Re: Error:could not extend file " with FileFallocate(): No space left on device

Thomas Munro <thomas.munro@xxxxxxxxx> · Fri, 13 Sep 2024 10:01:53 +1200

On Thu, Sep 12, 2024 at 8:54 PM Pecsök Ján <jan.pecsok@xxxxxxxxxxx> wrote:
> In link you provided there is mention, that in PostgreSQL 16 data is not being
> compressed for PostgreSQL 16 server. Does it mean, that PosgreSQL 16 use much more space while computing queries?
> If that is the case, it can be our problem, because our queries use sometimes several TB of disk space for computation and if there is considerable increase in disk usage during the queries, it can happen, that sometimes 27TB is not enough.

The kind of compression discussed there is a btrfs feature.  Xfs
doesn't have compression.

> I have 2 questions,
>
> Is there any workaround, that Posgres wont use FileFallocate? Maybe set something in Linux not to allow Posgres to use it?

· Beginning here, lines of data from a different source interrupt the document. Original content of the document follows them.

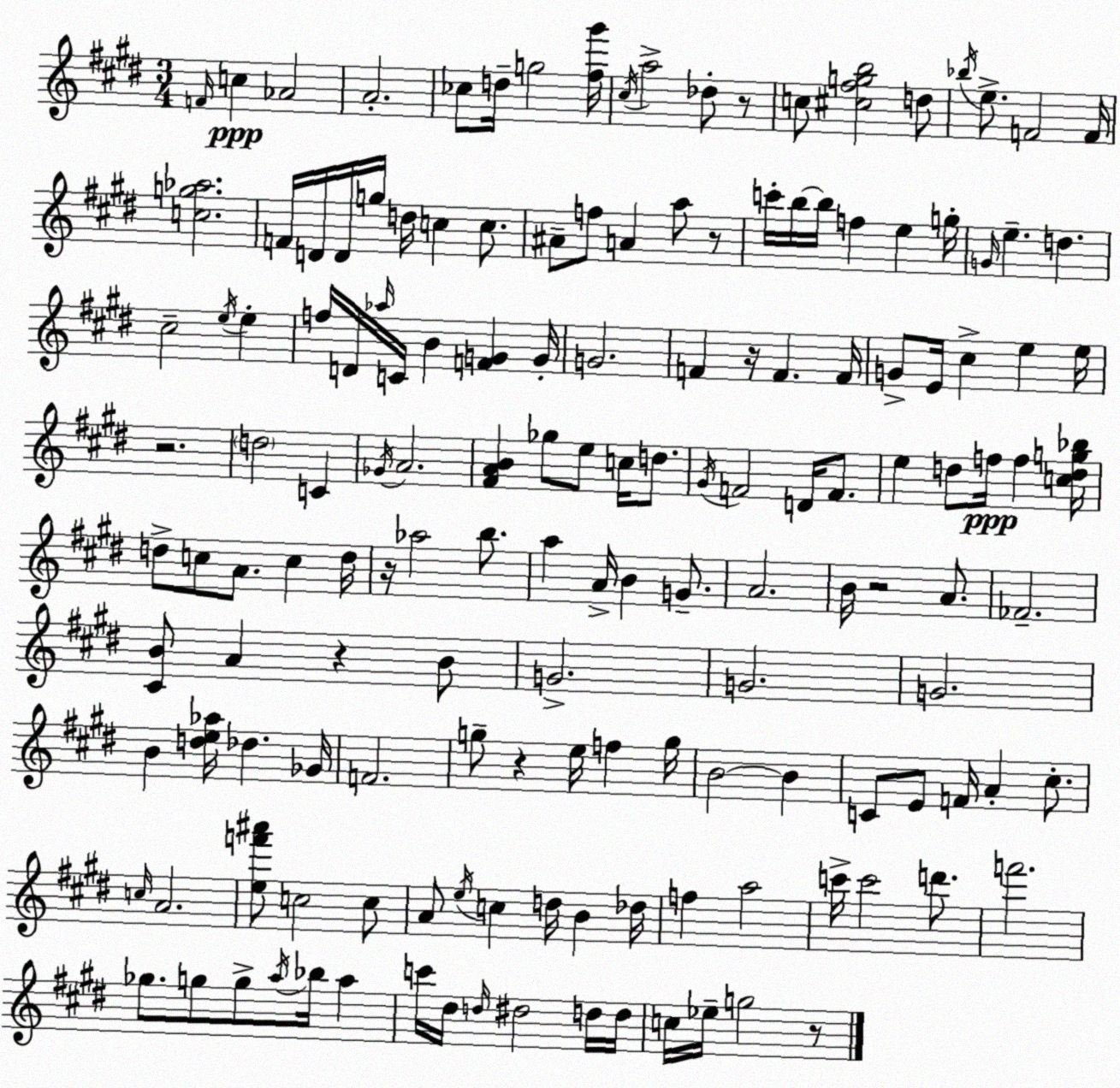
X:1
T:Untitled
M:3/4
L:1/4
K:E
F/4 c _A2 A2 _c/2 d/4 g2 [^f^g']/4 ^c/4 a2 _d/2 z/2 c/2 [^c^fgb]2 d/2 _b/4 e/2 F2 F/4 [cg_a]2 F/4 D/4 D/4 g/4 d/4 c c/2 ^A/2 f/2 A a/2 z/2 c'/4 b/4 b/4 f e g/4 G/4 e d ^c2 e/4 e f/4 D/4 _a/4 C/4 B [FG] G/4 G2 F z/4 F F/4 G/2 E/4 ^c e e/4 z2 d2 C _G/4 A2 [^FAB] _g/2 e/2 c/4 d/2 ^G/4 F2 D/4 F/2 e d/2 f/4 f [cdg_b]/4 d/2 c/2 A/2 c d/4 z/4 _a2 b/2 a A/4 B G/2 A2 B/4 z2 A/2 _F2 [^CB]/2 A z B/2 G2 G2 G2 B [de_a]/4 _d _G/4 F2 g/2 z e/4 f g/4 B2 B C/2 E/2 F/4 A ^c/2 c/4 A2 [ef'^a']/2 c2 c/2 A/2 e/4 c d/4 B _d/4 f a2 c'/4 c'2 d'/2 f'2 _g/2 g/2 g/2 a/4 _b/4 a c'/4 ^d/4 d/4 ^d2 d/4 d/4 c/4 _e/4 g2 z/2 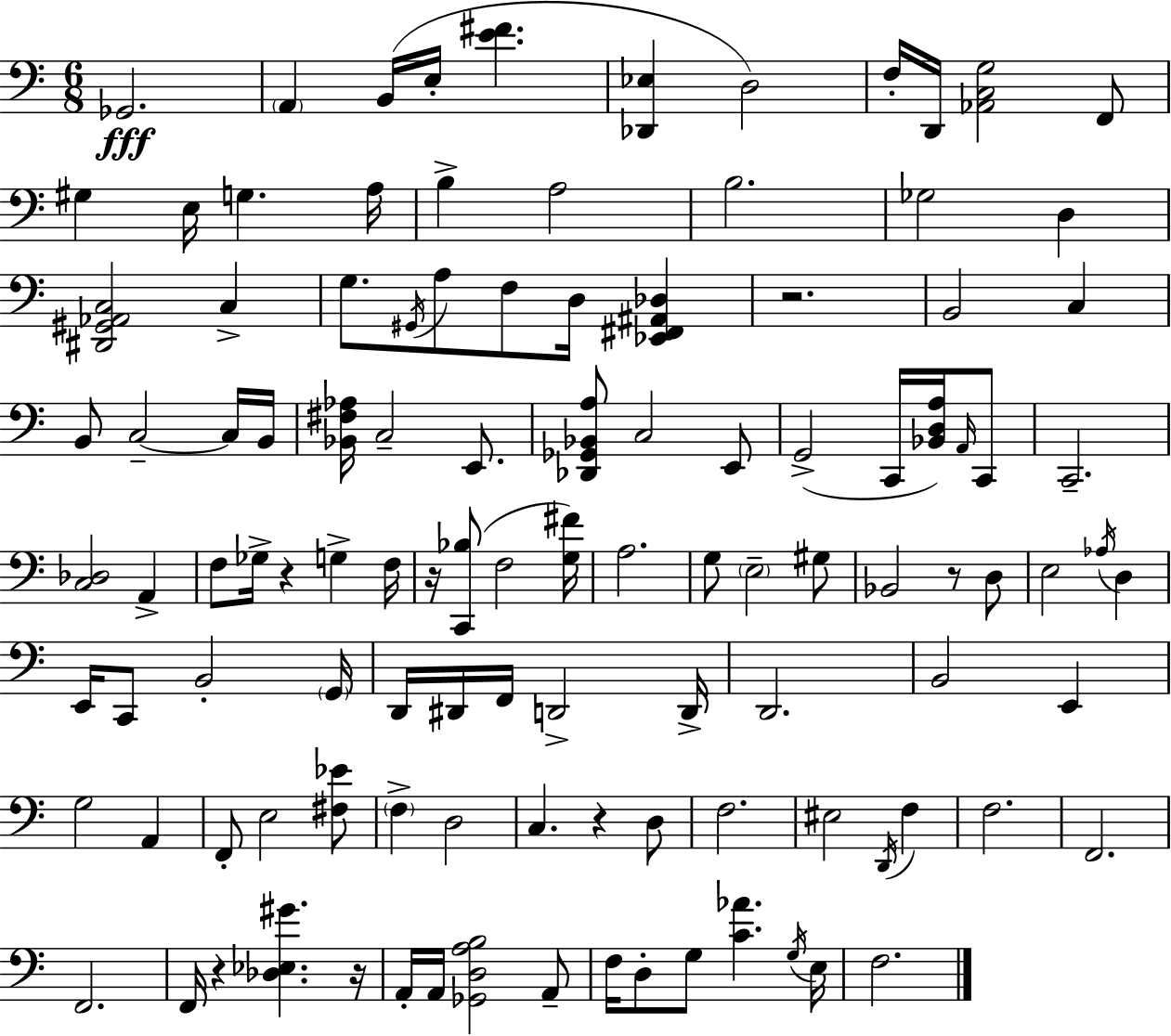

Not currently.  I was thinking of proposing to introduce a setting and
back-patching it into 16, because it's a sort of regression for btrfs
users (and a hard one to foresee).  It is not at all clear what
exactly is happening on this xfs system, but something else...

> The change was introduced in Posgres 16, does it mean, that Posgres 15.8 should have old behaviour?

Yes.

> We dont use COPY in our queries.

OK so it's presumably due to having lots of concurrent DML operations
(most likely INSERT, could also be UPDATE) that need to extend the
relation.  I'm not sure of the exact behaviour of the heuristics
off the top of my head (but basically it's driven by waitcount[1])...
perhaps if you had only 7 concurrent DML operations and not 8+, it
would be less likely to take the fallocate path, something like
that...  That "8" is the threshold I was thinking of turning into a
GUC, perhaps in the November minor release, but it's not exactly clear
that posix_fallocate() is really the problem.  (I see that there have
been bugs in xfs's posix_fallocate() space accounting, but the one
that I found was about redundant posix_fallocate() over a region that
is already allocated, which PostgreSQL doesn't do.)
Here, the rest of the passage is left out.